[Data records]
• • • • •

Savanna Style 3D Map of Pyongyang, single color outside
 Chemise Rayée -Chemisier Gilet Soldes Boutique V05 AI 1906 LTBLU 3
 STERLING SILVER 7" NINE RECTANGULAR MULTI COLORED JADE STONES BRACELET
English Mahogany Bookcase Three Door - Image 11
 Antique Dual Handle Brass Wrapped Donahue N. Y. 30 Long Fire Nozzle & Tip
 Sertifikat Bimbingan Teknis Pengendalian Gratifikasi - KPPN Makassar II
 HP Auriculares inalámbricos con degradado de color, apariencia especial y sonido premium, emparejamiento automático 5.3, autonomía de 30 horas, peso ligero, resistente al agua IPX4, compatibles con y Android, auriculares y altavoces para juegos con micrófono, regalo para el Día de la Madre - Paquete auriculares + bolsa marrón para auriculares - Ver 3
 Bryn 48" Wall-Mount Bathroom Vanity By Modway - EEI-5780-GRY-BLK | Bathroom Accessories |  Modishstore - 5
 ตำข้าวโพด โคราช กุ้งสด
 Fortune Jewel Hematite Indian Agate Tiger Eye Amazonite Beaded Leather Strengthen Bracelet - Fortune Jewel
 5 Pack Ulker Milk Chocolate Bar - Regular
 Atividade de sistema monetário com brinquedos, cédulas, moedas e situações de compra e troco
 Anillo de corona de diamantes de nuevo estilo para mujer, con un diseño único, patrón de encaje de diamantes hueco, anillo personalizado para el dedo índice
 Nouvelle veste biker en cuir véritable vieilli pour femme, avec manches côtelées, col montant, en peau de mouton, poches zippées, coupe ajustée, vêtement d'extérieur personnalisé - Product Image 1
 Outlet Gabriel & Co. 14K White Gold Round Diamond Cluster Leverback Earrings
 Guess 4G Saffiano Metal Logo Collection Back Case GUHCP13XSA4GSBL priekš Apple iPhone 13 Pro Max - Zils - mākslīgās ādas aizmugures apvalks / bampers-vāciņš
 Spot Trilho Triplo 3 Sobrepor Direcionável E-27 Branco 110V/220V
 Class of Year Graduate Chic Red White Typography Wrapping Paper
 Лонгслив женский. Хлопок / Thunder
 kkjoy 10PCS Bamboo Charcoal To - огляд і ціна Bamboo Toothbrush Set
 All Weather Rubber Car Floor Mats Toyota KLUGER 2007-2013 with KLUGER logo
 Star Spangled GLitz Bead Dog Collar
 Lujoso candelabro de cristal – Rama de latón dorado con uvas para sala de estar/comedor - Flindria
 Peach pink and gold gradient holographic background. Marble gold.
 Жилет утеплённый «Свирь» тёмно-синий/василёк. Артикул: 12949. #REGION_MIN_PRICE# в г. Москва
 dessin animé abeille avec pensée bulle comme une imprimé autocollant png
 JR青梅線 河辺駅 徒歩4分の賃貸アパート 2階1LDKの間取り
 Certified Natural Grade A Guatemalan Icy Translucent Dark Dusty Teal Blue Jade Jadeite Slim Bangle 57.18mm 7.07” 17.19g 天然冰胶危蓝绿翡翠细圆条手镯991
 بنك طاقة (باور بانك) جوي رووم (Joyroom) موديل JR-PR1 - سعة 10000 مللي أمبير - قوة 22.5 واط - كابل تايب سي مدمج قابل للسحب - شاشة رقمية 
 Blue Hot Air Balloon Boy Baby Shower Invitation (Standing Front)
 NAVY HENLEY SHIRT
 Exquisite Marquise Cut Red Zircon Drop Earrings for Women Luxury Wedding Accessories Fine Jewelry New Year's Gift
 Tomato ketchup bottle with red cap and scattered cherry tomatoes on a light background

• • • • •

__Task to complete__:
Copy out, exactly and alone, the lines of the entries above between the ones holding "HP Auriculares inalámbricos" and "Nouvelle veste biker", inclusive.

__Solution to this task__:
 HP Auriculares inalámbricos con degradado de color, apariencia especial y sonido premium, emparejamiento automático 5.3, autonomía de 30 horas, peso ligero, resistente al agua IPX4, compatibles con y Android, auriculares y altavoces para juegos con micrófono, regalo para el Día de la Madre - Paquete auriculares + bolsa marrón para auriculares - Ver 3
 Bryn 48" Wall-Mount Bathroom Vanity By Modway - EEI-5780-GRY-BLK | Bathroom Accessories |  Modishstore - 5
 ตำข้าวโพด โคราช กุ้งสด
 Fortune Jewel Hematite Indian Agate Tiger Eye Amazonite Beaded Leather Strengthen Bracelet - Fortune Jewel
 5 Pack Ulker Milk Chocolate Bar - Regular
 Atividade de sistema monetário com brinquedos, cédulas, moedas e situações de compra e troco
 Anillo de corona de diamantes de nuevo estilo para mujer, con un diseño único, patrón de encaje de diamantes hueco, anillo personalizado para el dedo índice
 Nouvelle veste biker en cuir véritable vieilli pour femme, avec manches côtelées, col montant, en peau de mouton, poches zippées, coupe ajustée, vêtement d'extérieur personnalisé - Product Image 1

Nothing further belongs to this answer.